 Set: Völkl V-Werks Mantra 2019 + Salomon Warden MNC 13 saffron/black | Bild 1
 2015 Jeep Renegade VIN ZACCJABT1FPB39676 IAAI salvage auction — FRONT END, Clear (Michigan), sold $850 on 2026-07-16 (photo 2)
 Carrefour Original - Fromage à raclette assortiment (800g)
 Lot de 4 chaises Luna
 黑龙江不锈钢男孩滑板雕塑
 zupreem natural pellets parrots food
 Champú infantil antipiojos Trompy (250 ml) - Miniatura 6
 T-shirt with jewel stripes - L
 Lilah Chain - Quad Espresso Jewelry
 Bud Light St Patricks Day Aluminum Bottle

# # # # #

• _REQUIREMENT_
From the entries above, return exactly the line containing "Carrefour Original - Fromage", the line containing "Lilah Chain - Quad Espresso Jewelry", and all lines between, and nothing else.

• _WRITTEN ANSWER_
 Carrefour Original - Fromage à raclette assortiment (800g)
 Lot de 4 chaises Luna
 黑龙江不锈钢男孩滑板雕塑
 zupreem natural pellets parrots food
 Champú infantil antipiojos Trompy (250 ml) - Miniatura 6
 T-shirt with jewel stripes - L
 Lilah Chain - Quad Espresso Jewelry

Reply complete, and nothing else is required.